Scott Pruitt announced that he is planning a “Red Team–Blue Team” exercise to challenge mainstream climate science.

What happened: Scott Pruitt announced that he is planning a “Red Team–Blue Team” exercise to challenge mainstream climate science.

Why it matters: The scientific consensus that human activity is the primary cause of climate change has been well-established for many years. Challenging this finding subverts the scientific community and downplays the threat posed by our planet’s shifting climate.


On June 29, Scott Pruitt, Administrator of the Environmental Protection Agency, announced that he will convene a team of researchers to challenge modern climate science through a “Red Team-Blue Team” exercise. The idea was originally proposed in a Wall Street Journal op-ed by Dr. Steve Koonin, a physicist at New York University. He suggested that a “red team” of dissenting scientists be created to critique major scientific reports in climate change. A “blue team” of climate scientists would then respond to the critiques, and the resulting exchanges would take place in view of the public. According to Koonin, the objective of the exercise is the give the public a better understanding of the certainties and uncertainties in climate science.
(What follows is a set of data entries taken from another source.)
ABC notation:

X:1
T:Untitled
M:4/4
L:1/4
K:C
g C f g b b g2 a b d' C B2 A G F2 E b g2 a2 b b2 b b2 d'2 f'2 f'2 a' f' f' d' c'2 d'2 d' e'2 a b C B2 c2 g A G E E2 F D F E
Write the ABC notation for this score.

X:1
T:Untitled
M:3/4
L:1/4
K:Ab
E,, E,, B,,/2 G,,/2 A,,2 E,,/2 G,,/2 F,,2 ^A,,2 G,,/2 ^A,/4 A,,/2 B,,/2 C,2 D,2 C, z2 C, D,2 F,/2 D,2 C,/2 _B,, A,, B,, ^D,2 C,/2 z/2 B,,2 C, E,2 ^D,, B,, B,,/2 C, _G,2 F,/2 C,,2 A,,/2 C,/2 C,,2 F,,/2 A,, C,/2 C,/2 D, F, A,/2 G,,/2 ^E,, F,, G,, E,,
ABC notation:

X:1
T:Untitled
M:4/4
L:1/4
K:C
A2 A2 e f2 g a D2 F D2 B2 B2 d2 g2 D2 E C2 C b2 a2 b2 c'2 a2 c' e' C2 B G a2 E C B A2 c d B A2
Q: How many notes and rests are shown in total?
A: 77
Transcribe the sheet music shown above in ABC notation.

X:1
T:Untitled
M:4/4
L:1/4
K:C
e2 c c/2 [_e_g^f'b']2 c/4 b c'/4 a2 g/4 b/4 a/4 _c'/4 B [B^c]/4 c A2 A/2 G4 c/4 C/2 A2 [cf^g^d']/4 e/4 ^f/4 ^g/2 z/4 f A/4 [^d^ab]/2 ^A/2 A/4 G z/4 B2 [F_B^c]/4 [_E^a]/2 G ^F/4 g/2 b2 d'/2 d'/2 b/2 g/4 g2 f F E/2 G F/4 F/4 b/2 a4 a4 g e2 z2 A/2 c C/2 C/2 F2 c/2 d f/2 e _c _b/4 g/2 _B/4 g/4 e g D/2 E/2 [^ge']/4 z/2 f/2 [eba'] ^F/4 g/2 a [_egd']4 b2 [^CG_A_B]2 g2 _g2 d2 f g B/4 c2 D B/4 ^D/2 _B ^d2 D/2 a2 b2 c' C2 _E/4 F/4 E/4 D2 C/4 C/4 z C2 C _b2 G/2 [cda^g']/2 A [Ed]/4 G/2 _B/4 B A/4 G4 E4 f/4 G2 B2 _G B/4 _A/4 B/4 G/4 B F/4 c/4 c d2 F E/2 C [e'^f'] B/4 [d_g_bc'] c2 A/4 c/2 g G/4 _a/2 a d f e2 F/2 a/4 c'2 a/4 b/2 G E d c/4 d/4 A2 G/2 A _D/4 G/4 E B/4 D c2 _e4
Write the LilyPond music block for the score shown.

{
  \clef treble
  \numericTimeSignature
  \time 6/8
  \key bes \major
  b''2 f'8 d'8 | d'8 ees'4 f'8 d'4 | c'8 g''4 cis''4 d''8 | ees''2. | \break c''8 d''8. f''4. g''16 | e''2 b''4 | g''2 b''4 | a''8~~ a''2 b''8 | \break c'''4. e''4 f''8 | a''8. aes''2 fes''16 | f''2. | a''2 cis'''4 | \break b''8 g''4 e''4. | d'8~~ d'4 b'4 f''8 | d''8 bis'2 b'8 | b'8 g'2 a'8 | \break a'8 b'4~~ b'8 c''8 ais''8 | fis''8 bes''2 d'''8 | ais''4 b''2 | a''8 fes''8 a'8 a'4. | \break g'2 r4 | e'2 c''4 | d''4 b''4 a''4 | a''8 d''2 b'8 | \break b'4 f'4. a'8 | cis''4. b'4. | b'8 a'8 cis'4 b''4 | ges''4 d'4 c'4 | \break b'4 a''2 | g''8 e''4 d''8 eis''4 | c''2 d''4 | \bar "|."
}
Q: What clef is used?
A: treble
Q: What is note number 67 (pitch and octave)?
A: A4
Most climate scientists say that the exercise undermines the scientific research process because peer-reviewed research already relies on an extensive process of eliminating faulty or invalid analyses. Many scientists also worry that the exercise creates a platform for Pruitt to promote scientific views already disproven through the scientific process.

The international science community, including federal agencies such as Pruitt’s EPA, has long accepted the fact that human activity is the primary cause of climate change. This conclusion is well-founded by decades of peer-reviewed research.

“Scientists are already spending most of their time trying to poke holes in what other scientists are saying,” said atmospheric scientist Ken Caldeira of the Carnegie Institution for Science. “The whole red team-blue team concept misunderstands what science is all about.”

Other members of the science community believe that Administrator Pruitt may be looking to challenge the “endangerment finding,” the scientific conclusion that underpins the Clean Air Act and allows the United States to regulate greenhouse gases. While the nullification of the endangerment finding would require a long and arduous legal process, the “red team-blue team” effort certainly is a step in the wrong direction.